NFL analyst: Bryce Young’s ceiling can still be ‘incredibly high’

PFF lead NFL analyst Sam Monson believes there’s a path to success for Panthers QB Bryce Young.

Around these parts, the ceiling is the roof. And for Carolina Panthers quarterback Bryce Young, the roof may still be sky-high.

Pro Football Focus analysts Sam Monson and Steve Palazzolo recently chopped it up about Young over at The 33rd Team. Monson believes, even after one of the lowest rookie campaigns in recent memory, that there’s plenty to look forward and up to for last year’s No. 1 overall pick.

” . . . I still think the ceiling is pretty high,” Monson told Palazzolo. “No. 1, those flashes were there. But No. 2, look at a guy like Tua Tagovailoa and Miami, right? Disastrous early on in his career, and then we saw him completely turn it around once the situation around him improved.

“And that’s a huge part of the Carolina thing last season. People got fired at the end of that season. It was a bad situation, top to bottom around Bryce Young. And obviously—he did very little to elevate it, to make it a better situation. But I think Tua demonstrates the ceiling can still be incredibly high.
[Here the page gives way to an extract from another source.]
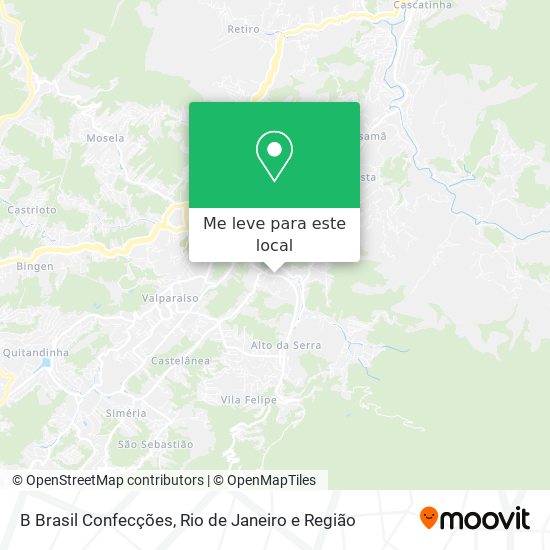 B Brasil Confecções mapa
“Bryce Young at Alabama, I think, was better than Tua and better in the same kinds of areas. Anticipation, throwing across the middle, reading those kinds of plays and route concepts.”
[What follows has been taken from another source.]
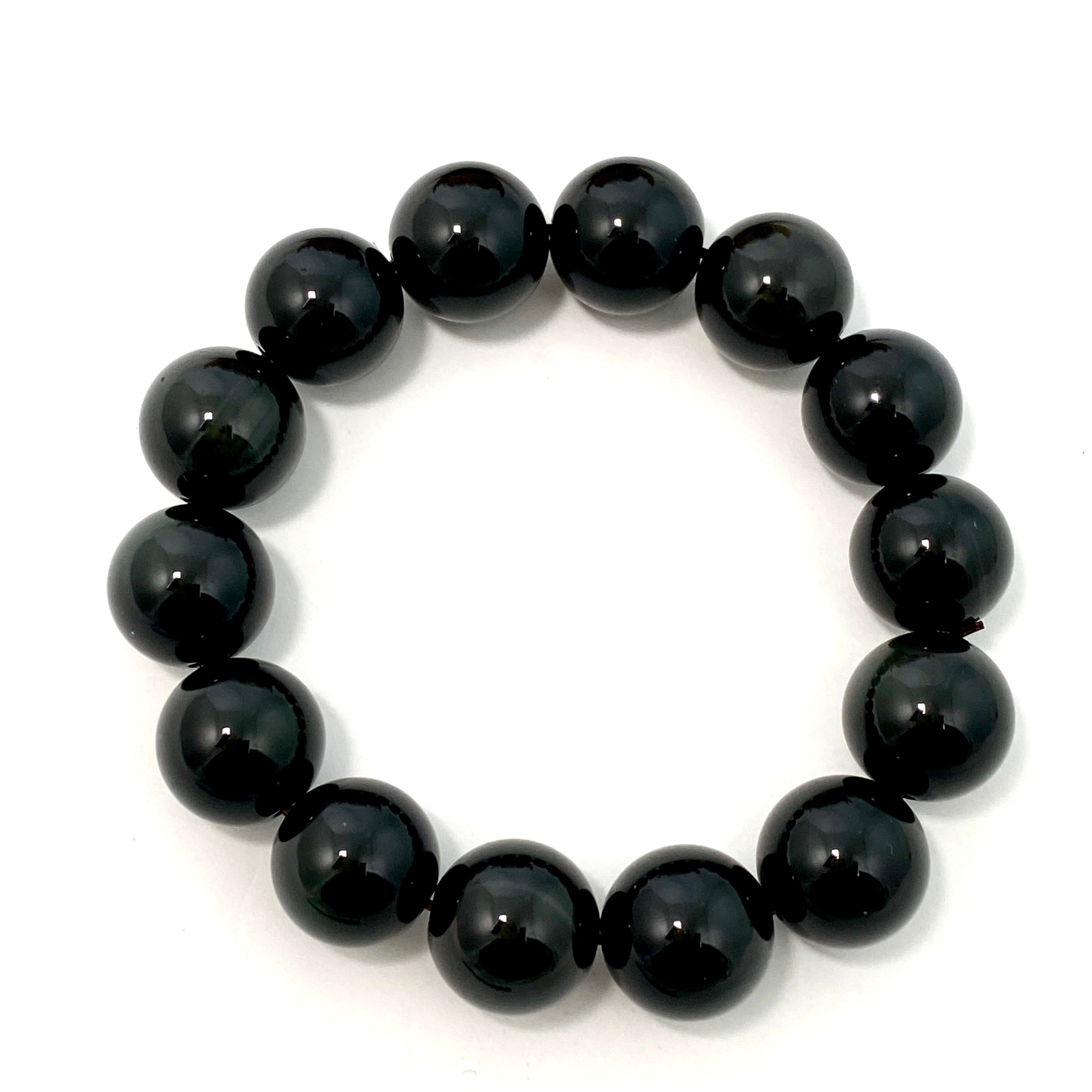 Rainbow Obsidian Bracelet for Women - Natural Stone Healing Crystal Jewelry for Protection & Positive Energy - Perfect for Meditation, Yoga & Spiritual Gifts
Well, this wouldn’t be the first time Tua has been considered a sort of prototype for Bryce. In fact, Young himself has talked about Tagovailoa’s impact on his path to the pros.
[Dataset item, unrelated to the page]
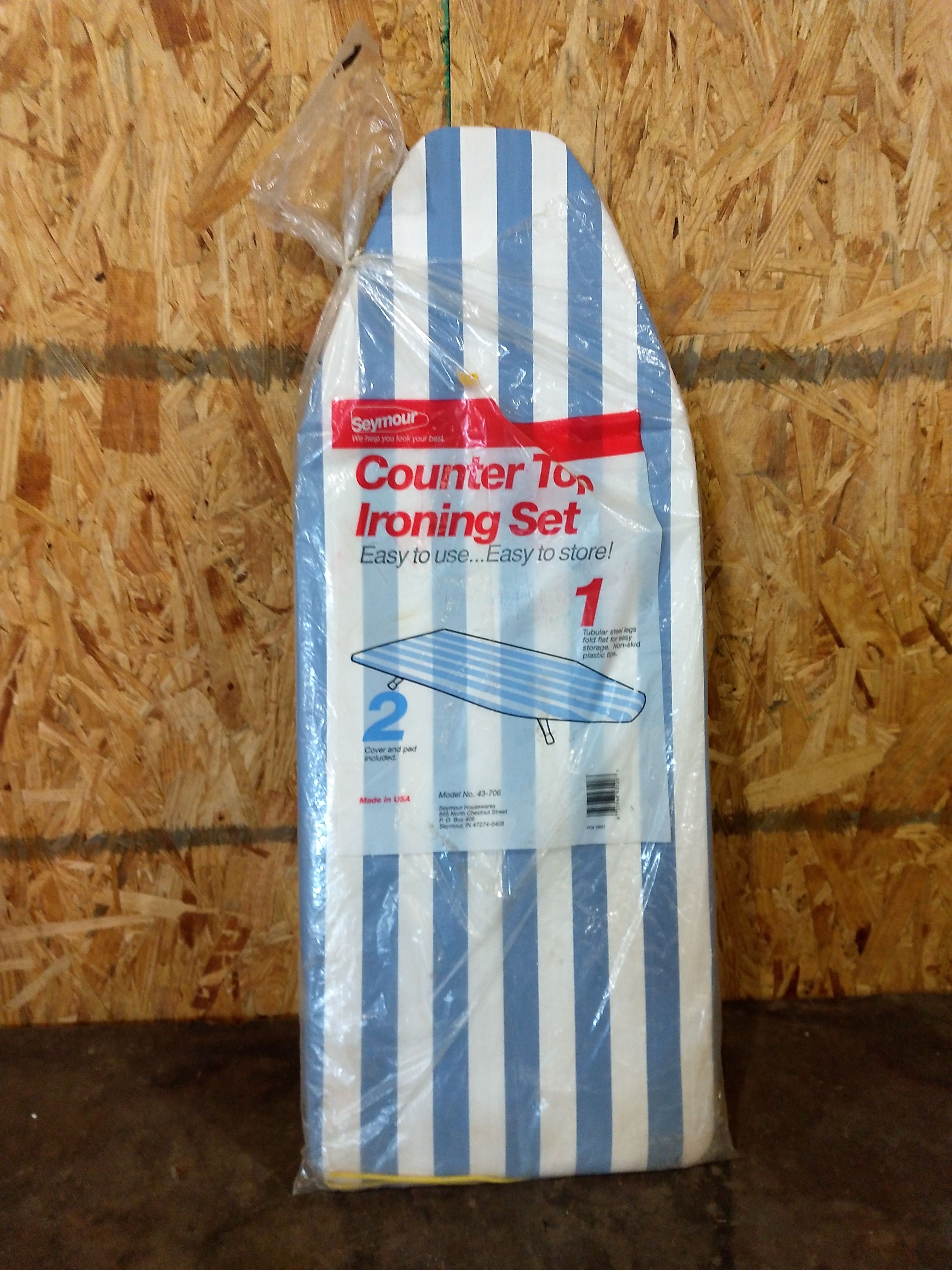 Counter top iron board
“I think as far as my college career, definitely was really big,” he said of Tagovailoa’s influence back in October.. “It was a big reason why I went to Alabama. It was a big transition from when he was there—just, what the offense looked like and what they kinda moved to offensively. And it’s flourished since then. And I was a recruit when all that was happening. So, that was a really, really big reason for me being there.”

Over the past two seasons, Tagovailoa has averaged 272.4 passing yards per game while completing 67.4 percent of his throws. That’d be a pretty nice roof for Young, who chucked for just 179.8 yards and a 59.8-percent completion rate in 2023.